(Hong Kong) « Les temps ont changé » : le Parti civique, l’une des principales formations prodémocratie de Hong Kong, a baissé le rideau fin décembre, au terme d’une procédure d’autodissolution qui a soulagé son co-fondateur d’un « fardeau » de plus en plus difficile à porter face aux pressions de Pékin.

Alan Leong n’a conservé que six épinglettes vertes et violettes, portant la date de création du parti, le 19 mars 2006, de ces années de combat, entre succès électoraux et poursuites judiciaires.

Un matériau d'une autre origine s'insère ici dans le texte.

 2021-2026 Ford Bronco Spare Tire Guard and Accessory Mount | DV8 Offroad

« Je n’ai jamais douté de la capacité du peuple de Hong Kong à gouverner Hong Kong, mais il y a des choses qui sont hors de notre contrôle », explique l’expérimenté politicien, âgé de 65 ans, dans une série d’entretiens avec l’AFP ces six derniers mois.

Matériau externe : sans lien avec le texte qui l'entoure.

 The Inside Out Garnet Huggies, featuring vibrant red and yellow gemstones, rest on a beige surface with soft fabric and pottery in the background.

L’ancien dirigeant se sent aujourd’hui « soulagé » de pouvoir « enfin retirer le fardeau » de ses épaules, assure-t-il.

Le Parti civique, surnommé « le parti des avocats », car plusieurs de ses fondateurs travaillaient dans le secteur juridique, a voté en mai son autodissolution, faute de pouvoir se doter d’une direction après la répression subie par ses membres.

La « réalité politique », ainsi que l’absence de fonds et de morale, ont conduit à cette décision, estime Alan Leong, qui a vu ces derniers temps le siège du mouvement se vider de ses meubles et des haut-parleurs de campagne.

« Radicalisation »

Depuis la loi sur la sécurité nationale imposée en 2020 par la Chine, le mouvement a été décimé : emprisonnement de trois de ses membres, destitution de ses élus locaux, et chasse à l’homme contre un de ses anciens députés en exil…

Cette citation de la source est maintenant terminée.